=== Records to process ===
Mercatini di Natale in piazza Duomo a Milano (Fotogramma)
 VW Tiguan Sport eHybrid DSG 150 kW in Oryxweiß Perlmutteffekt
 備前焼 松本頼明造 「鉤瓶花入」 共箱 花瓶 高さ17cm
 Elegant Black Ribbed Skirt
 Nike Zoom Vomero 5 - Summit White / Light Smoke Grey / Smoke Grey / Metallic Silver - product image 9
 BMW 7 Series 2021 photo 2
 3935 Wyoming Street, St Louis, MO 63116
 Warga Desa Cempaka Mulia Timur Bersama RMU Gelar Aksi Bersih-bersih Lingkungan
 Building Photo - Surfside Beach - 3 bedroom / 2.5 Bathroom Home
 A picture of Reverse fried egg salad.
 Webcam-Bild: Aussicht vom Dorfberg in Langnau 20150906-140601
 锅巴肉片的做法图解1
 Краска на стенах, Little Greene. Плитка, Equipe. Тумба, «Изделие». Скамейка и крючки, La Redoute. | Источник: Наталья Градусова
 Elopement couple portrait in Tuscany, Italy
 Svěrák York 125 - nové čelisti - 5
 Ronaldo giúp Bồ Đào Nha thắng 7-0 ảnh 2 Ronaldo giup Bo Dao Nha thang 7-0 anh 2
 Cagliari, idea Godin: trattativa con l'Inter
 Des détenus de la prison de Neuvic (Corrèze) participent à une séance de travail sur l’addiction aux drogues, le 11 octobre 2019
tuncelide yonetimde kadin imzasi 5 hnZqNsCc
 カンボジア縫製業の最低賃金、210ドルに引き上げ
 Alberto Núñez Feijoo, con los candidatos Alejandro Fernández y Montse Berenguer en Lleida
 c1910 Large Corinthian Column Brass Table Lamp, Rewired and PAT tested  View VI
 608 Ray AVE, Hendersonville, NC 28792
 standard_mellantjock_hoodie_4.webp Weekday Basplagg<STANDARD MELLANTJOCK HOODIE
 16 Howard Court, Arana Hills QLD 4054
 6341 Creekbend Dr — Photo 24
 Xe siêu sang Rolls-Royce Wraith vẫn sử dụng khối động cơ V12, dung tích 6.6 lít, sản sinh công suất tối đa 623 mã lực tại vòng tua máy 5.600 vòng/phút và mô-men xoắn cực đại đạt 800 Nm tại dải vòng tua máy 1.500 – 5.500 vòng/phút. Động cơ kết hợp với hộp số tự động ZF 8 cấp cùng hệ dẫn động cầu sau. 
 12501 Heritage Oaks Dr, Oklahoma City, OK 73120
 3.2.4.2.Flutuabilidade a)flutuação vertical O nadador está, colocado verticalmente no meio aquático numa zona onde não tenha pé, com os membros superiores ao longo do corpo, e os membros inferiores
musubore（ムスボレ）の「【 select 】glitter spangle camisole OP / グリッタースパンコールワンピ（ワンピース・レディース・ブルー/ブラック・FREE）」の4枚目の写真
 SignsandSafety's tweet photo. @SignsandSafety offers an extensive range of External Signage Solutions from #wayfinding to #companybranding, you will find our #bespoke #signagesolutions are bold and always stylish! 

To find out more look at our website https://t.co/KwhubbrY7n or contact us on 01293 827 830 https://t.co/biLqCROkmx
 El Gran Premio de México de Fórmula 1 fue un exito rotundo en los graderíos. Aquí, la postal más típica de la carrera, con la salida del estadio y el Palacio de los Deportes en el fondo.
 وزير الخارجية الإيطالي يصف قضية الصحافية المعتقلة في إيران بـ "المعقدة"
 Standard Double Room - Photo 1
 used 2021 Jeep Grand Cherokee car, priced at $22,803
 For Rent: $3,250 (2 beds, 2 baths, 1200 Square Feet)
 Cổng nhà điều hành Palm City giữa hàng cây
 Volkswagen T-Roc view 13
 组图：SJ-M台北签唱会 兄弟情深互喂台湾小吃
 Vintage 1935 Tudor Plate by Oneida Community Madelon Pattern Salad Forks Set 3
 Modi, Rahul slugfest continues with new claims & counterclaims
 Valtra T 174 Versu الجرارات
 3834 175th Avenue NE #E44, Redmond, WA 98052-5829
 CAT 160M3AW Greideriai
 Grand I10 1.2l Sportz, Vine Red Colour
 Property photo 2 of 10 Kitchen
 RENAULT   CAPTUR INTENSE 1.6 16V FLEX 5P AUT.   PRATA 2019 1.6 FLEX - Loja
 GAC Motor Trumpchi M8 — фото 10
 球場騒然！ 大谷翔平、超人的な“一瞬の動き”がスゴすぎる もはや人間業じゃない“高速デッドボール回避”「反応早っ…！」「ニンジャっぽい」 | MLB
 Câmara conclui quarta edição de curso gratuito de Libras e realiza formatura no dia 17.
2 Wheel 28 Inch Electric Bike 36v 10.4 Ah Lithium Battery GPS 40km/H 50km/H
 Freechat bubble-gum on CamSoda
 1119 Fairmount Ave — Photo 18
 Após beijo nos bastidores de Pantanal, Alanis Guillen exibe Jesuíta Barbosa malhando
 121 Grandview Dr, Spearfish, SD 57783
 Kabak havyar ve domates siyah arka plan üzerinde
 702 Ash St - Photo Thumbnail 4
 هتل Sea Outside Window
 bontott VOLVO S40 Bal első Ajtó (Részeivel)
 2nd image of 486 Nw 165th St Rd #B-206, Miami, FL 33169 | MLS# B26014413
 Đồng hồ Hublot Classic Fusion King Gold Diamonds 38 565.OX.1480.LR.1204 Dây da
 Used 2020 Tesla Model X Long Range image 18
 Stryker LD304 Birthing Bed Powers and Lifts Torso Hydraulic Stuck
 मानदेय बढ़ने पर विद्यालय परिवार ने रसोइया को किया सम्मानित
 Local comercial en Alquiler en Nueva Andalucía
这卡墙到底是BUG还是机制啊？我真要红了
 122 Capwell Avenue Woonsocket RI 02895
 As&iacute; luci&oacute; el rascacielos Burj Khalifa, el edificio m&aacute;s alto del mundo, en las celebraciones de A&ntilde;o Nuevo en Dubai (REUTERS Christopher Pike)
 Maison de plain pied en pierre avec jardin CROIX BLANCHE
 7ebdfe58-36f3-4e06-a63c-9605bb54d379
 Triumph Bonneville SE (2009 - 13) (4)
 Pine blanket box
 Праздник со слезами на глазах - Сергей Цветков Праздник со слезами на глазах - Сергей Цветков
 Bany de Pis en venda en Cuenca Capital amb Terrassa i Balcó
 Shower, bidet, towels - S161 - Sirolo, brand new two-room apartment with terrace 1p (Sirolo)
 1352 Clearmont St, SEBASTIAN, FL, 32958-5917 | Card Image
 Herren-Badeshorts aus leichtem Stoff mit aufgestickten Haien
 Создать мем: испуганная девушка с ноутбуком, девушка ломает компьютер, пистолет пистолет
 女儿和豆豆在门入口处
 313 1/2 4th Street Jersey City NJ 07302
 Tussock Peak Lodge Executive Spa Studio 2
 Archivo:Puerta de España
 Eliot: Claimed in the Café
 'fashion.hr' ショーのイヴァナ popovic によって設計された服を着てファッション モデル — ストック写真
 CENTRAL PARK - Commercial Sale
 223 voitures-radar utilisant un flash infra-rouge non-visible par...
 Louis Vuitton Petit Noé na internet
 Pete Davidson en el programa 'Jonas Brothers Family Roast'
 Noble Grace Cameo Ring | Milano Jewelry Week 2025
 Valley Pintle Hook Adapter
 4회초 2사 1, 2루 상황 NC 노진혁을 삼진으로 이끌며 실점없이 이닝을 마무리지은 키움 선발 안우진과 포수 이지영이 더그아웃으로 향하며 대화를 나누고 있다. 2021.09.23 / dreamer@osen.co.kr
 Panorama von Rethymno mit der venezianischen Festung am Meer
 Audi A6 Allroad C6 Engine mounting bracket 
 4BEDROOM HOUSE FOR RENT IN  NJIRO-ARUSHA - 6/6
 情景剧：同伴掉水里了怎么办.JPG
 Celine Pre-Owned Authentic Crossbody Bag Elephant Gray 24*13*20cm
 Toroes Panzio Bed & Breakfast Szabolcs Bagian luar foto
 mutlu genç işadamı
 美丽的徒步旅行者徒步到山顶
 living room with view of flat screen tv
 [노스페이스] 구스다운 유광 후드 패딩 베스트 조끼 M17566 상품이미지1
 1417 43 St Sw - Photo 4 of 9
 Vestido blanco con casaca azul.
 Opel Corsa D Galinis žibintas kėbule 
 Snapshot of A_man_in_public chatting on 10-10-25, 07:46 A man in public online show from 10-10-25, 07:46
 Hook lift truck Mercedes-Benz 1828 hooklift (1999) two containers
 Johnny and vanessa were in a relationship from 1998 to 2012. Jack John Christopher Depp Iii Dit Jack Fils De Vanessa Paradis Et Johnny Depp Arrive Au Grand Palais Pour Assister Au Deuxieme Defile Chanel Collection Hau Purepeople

=== Your goal ===
Please show every line of the entries above that contains the word "with".

=== Result of this exercise ===
 Modi, Rahul slugfest continues with new claims & counterclaims
 Shower, bidet, towels - S161 - Sirolo, brand new two-room apartment with terrace 1p (Sirolo)
 living room with view of flat screen tv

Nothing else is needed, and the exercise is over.